Miller seemed impressed by the first-year results as he sat in on a forum of school and district officials, teachers, parents and students. They testified to the power of the turnaround process at Western, saying it has “made a world of difference.”

“I’ve seen the change in kids,” said Susan Tsukamoto, a graduate advocate and former teacher at Western. “Not one of the kids has said to me, ‘I don’t like it.’”

As a graduate advocate, Tsukamoto has deployed her cellphone, Facebook and even her students to persuade at-risk and dropout students to stay in school. Despite Tsukamoto’s efforts, more than 40 seniors have transferred, withdrawn or dropped out of Western since December, a stark fact that weighs heavily on the Western alumna.

The turnaround won’t happen overnight, but in small positive increments, she said. Earlier in the week, she was able to persuade two of her students to return to school, she said, smiling. Other students are noticing the changes and are starting to change themselves, Tsukamoto added.
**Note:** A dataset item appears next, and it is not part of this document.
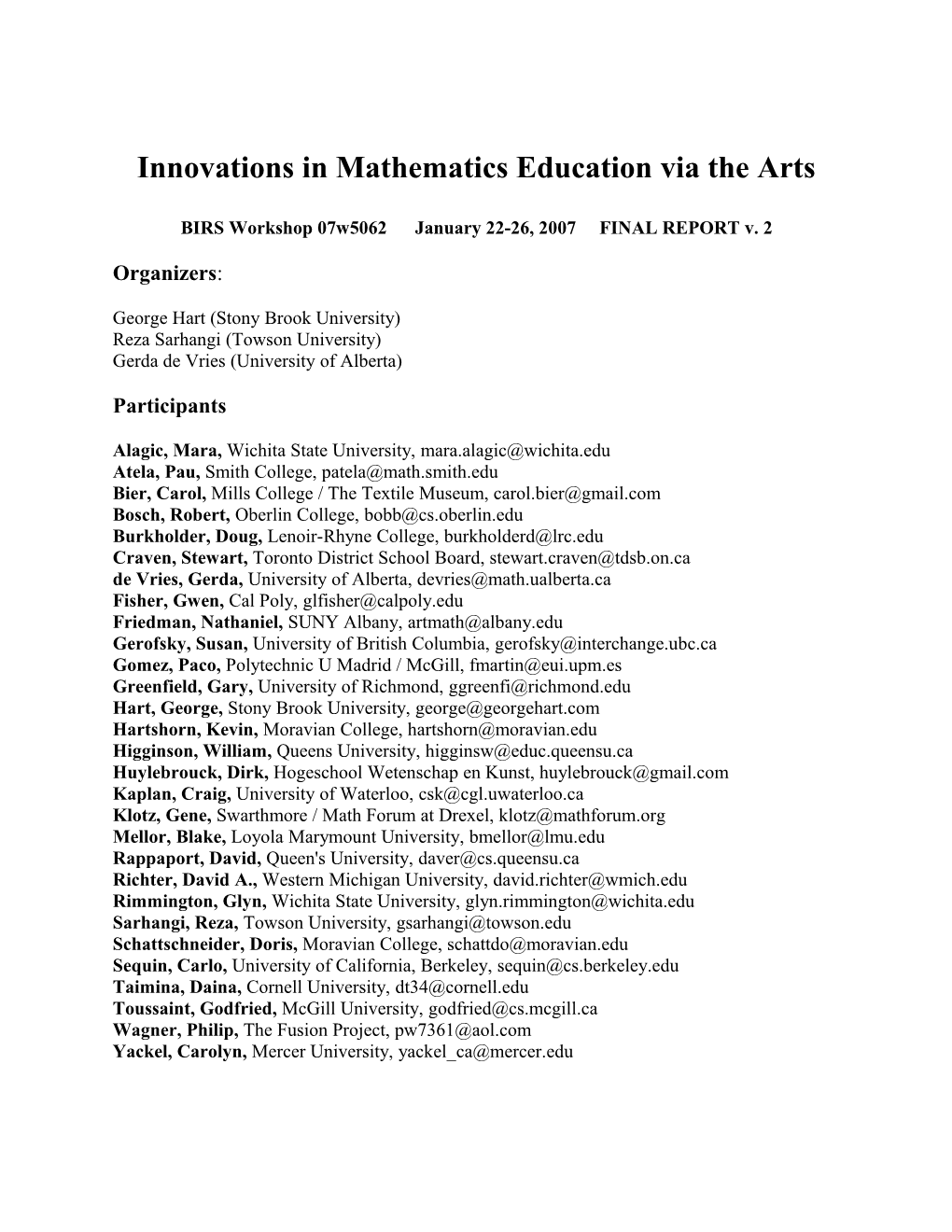 Innovations in Mathematics Education Via the Arts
“They’re saying, ‘I want to add a class. If I had six classes, I can boost my (grade-point average),’” Tsukamoto said. “Now they see college as a real possibility.”

Student body President Andrew Limas commended the School District’s efforts in turning around Western. He remembered last year when he and his fellow students were upset the School District had replaced teachers and instituted a bevy of changes. Now, they’re beginning to see promise of a better Western, he said.

“I’m extremely happy it’s happening now,” Limas said. “Our teachers care about us. They’re actually waiting for you at the door before class, shaking our hands, and try to offer you help after school if you need it.

Sustaining the improvements past the first year is of concern to Alvarez, however. It takes time for perceptions to change, for a new culture of excellence to set in at a troubled school, she said. And once the three-year grant dries up, Western will have to continue to make student gains without the additional resources.

Nationally, there have been talks of de-funding the School Improvement Grant program as skeptics of the turnaround question its effectiveness. Congress has committed $534 million to the program this fiscal year, ensuring that another wave of turnaround schools; however, the program is on thin ice, according to some observers.

That concerns Alvarez, who hopes she was able to convince Miller of the positive effects of the program at her school. Although Western still is considered an underperforming school when compared with the average Clark County school, it is making steady gains toward changing that, she said, which gives her hope.

“SIG has had a positive impact at Western,” she said. “I hope they continue to keep the turnaround. The kids deserve it. We need this.”